DNS is serious business. Which is, arguably, another word for "boring." For the longest time, it was called the "phonebook of the internet" — can you imagine anything less fun than a phonebook?
Thankfully, that metaphor is going away (just like phonebooks; when was the last time you saw one?) and DNS becoming more accepted as… what is DNS, exactly? We very much like Spotify's take on it as "a distributed, replicated database tailored for read-heavy loads."
But that still doesn't exactly tickle our fun receptors, if we're honest.
DNS is very much in line with most other technologies in its capabilities to be used creatively. And where's creativity, there's fun. (And where's fun, there can be profit. But that's a story for another time.)
DNS is capable of a lot of weird and delightful things. As summer slowly winds down, we thought we'd highlight a few of these lesser-known use cases for DNS, ranging from "it works, but why" to "it works but… wait, what?"
Most fun DNS tricks are done through dig. (And friends don't let friends use nslookup.) It's a great tool to learn for anyone working with networks.
We dig DNS, as demonstrated by Helga at our trip to VMWorld in San Francisco last year. (And, also demonstrated by the picture above, the tech media digs us.)
Sure, you can use your phone or a gasp actual calculator, but DNS? That's where the cool kids are!
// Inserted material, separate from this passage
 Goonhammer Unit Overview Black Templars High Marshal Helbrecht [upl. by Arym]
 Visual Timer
The Information Sciences Institute at the University of Southern California maintains (at least as of this writing) a way to add, subtract, multiply, and divide using DNS:
dig 12.30.add.calc.postel.org @dns.postel.org +short
Which returns:
0.42.0.0
Use sub, mul, and div in place of add for other operations.
Sure, your Box (Dropbox, iCloud, Amazon EFS, <insert cloud storage name here>) is a great way to store files securely. Your computer crashes, they're still available.
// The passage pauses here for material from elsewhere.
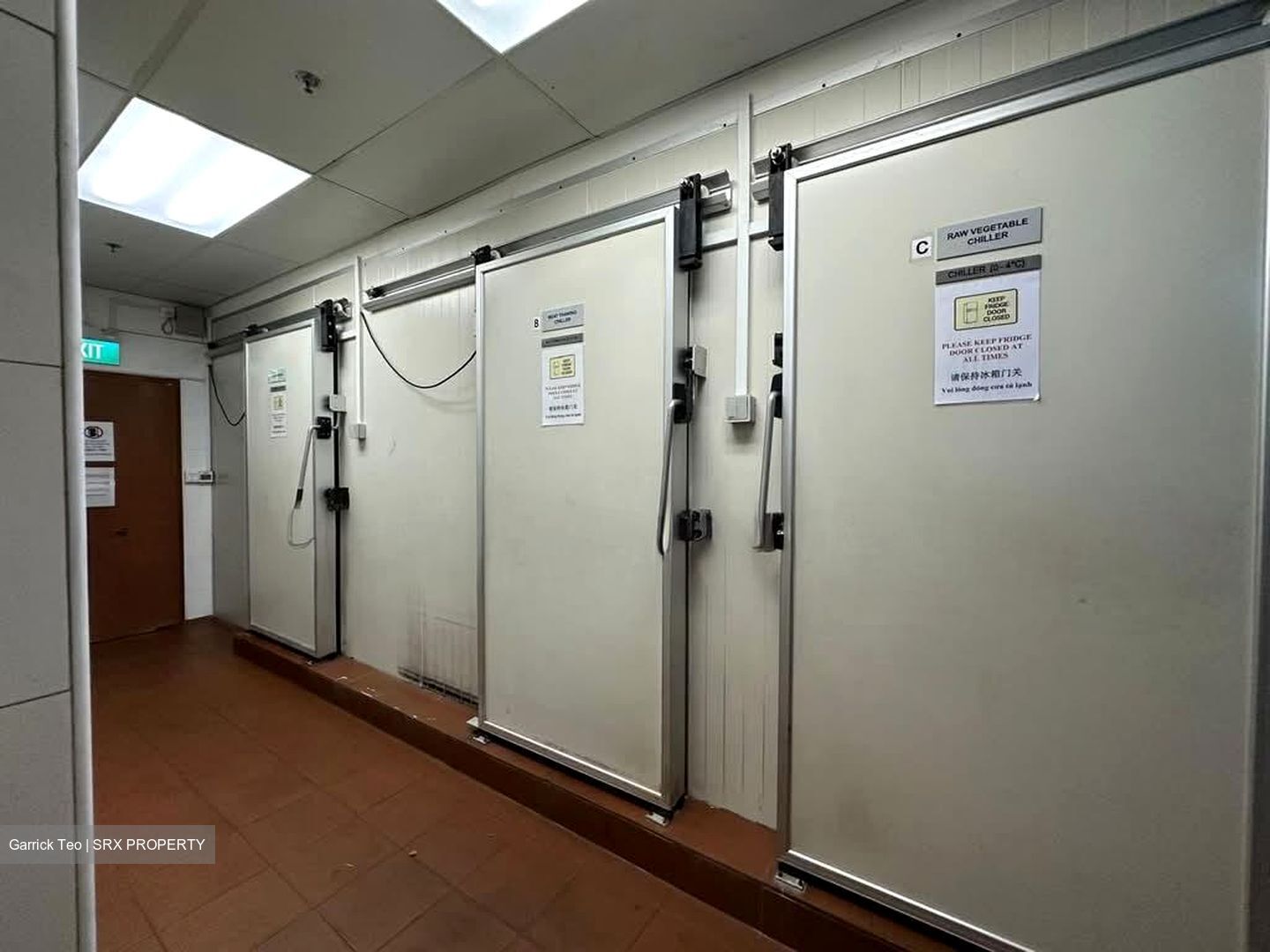 Food Xchange @ Admiralty (D27), Factory #577691941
But how about storing data in DNS? Maybe not the 6.3GB of videos from your phone, but surely a blog post would fit? Turns out: it does. And Ben Cox did just that.
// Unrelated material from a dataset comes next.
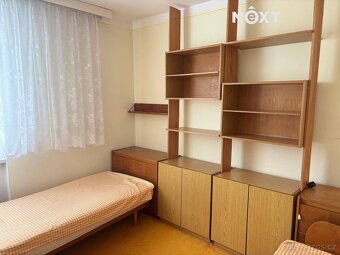 Pronájem byt 3+1, 74㎡ - 6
(And if a DNS-based file system still isn't hipster enough for you, you can try PingFS. Yes, you can store data in echoes. Indeed, humanity's capacity for creativity is boundless.)
Most people somewhat familiar with DNS know the major record types like A/AAAA, CNAME, or MX. However, for our current purposes, let's take a closer look at the TXT record.
As the name suggests, TXT records store text. They can be used for verifying ownership of a domain or storing machine-readable data for automation.
But that's not all that much fun, is it?
A more entertaining (or, if you live in a country with strict censorship, downright liberating, as it circumvented deliberate DNS poisoning by the government) way to use TXT records was when David Leadbeater used TXT records to store Wikipedia pages in 2008.
That project isn't available any longer, nor is another fun experiment of reading Twitter through TXT records, but the technology is still there to use, as demonstrated by Breanne Boland:
dig txt X.maybethiscould.work
(Where X is a number between 1 and 50.)
For all its fun, there are a few limitations for full artistic expression via TXT records, including their unordered nature. But there's an app another record type for that!
When the IETF standardized NAPTR records, they most likely did not do it to allow ASCII art to be stored in DNS. But, since it allows for the order of text to maintain its structure, it does:
dig @208.67.222.222 -t naptr eff.org
This is but a taste of the creativity DNS allows us to express. There's a lot more. And if you're up to it, maybe yours can be a new one on our favorites list.